In an extended duet with Jovani Furlan, solo variations wittily interspersed, Lauren Fadeley proved to be a robust interpreter. No need for gilded phrasing, each shape spoke straightforwardly of strength and intelligence. Her partnership with Furlan—his princely stance a solid personal development—showed exciting promise.

Christopher Wheeldon’s Polyphonia made a big splash in its 2001 premiere and for good reason. The segmented work to piano pieces by György Ligeti—fomenting sometimes otherworldly, sometimes surprisingly sociable dancing—engaged the senses and excited the mind. The opening and closing four-couple ensembles, with mostly duets in between, explored rhythms and melodic moods embraced by Mark Stanley’s velvety lighting. And, with immediacy and deftness, MCB dancers endowed this with a binding commitment as Francisco Rennó cast a spell at the piano.

Prominently, Tricia Albertson, and Reyneris Reyes turned their union into an evolving organism, which—here a suspension, there an entwinement—drew us into an alternative biosphere. Also providing striking anatomical perspectives, other pairings were as meticulously measured but became more expansive, as was the case of Furlan and Ashley Knox and later Kleber Rebello and Jennifer Lauren. None looked more hauntingly poetic than Renato Penteado and Emily Bromberg, however, in shared exploration. In her eventual solo to pattering notes—with bourrées as smooth as streaming water—she went through linear progressions as if on a transformative journey.

Whoever lamented the end of football season after the Superbowl might have found interest in the opening section of Alexei Ratmansky’s The Fairy’s Kiss. Here a newly orphaned baby (mercifully a doll) got tossed around by a team of eerie creatures (think Snowflakes from The Nutcracker who drifted to the Dark Side) as if carrying out an unsanctioned game plan. Talk about tough love. This introduced a disconcerting tone: was it sinister humor or flashy horror? Either way, nice to have Simone Messmer quarterbacking as the fairy queen, gleefully reckless yet unflagging in her mission to mark the infant with enchantment.

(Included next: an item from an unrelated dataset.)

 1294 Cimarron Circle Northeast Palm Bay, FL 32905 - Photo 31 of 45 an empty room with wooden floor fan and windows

A curious agent of fate, Messmer really had to take up three roles in one: the regal fairy—most exclamatory in haughty balletic feats—and also her avatars--a palm-reading gypsy, and an ersatz bride. Each demanded of the ballerina pronounced modes of characterization—earthy huckster, say, or airy seductress—which she grandly delivered. These apparitions intruded upon the boy’s life, with prophecy and subterfuge, diverting him from a mundane path toward his apotheosis as an artist. Sure as stamping a visa, the fairy kissed him to initiate travel to an extraordinary realm.

Renan Cerdeiro—his jumps effusive in love and his folkloric steps firm in clan allegiance—had enough charm and youthful agility to clamor for good fortune in the worldly arena—Jérôme Kaplan’s town center all sharp angles, Wendall K. Harrington’s projections puffs of snow and passing clouds.

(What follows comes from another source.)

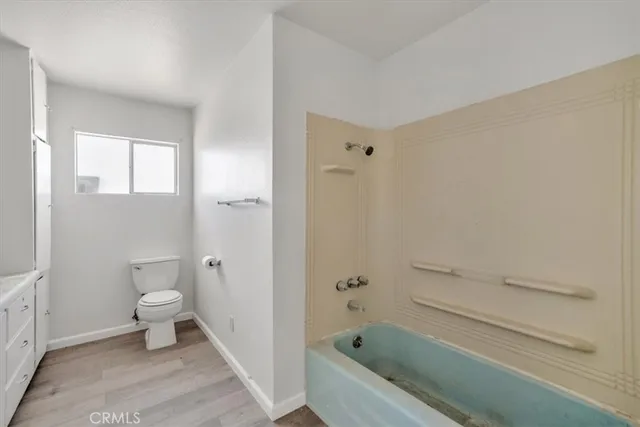 a bathroom with a toilet and shower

Jeanette Delgado, the object of Cerdeiro’s desire, added rays of sunshine to her dancing in a village feast and nuptial preparations—all the more to contrast to with the dejection she wrapped herself in after her sweetheart turned away.

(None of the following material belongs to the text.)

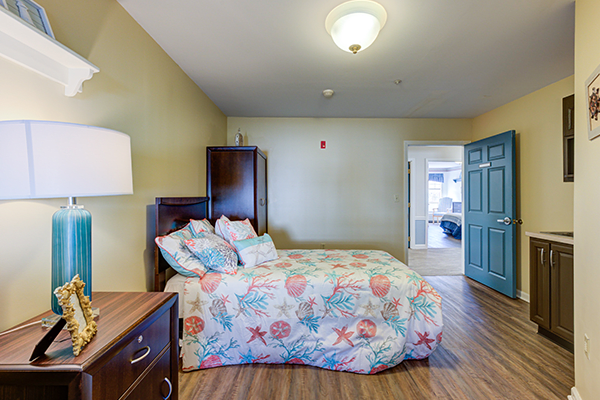 A well-lit bedroom with a colorful bedspread and wooden flooring.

Rustic fun and wedding ritual, cheerful yokels and bewitching beings— many elements in this work provided a digest of famous story ballets. Down to some gestures and passages, Ratmansky honored that heritage—not so different from Stravinsky’s own resuscitation of Tchaikovsky through references in this score.

And it was in that tribute to creative instrument that The Fairy’s Kiss gained transcendence. The epilog became a rousingly beautiful portrait of the contemplative artist. First lying down toward the audience—as if enthralled by his future in our appreciative eyes—and then taking in the action from different points, Cerdeiro surrendered to his calling as a full cast of dancers joined him. The gauzy drape of their costumes revealed humanity in the flesh, but a sublime purpose guided their cumulative configurations. In the end they lifted Cerdeiro—his art, so to say, elevating him—to put him in full view. The fairy had claimed the boy, but now the artist through his creations belonged to us.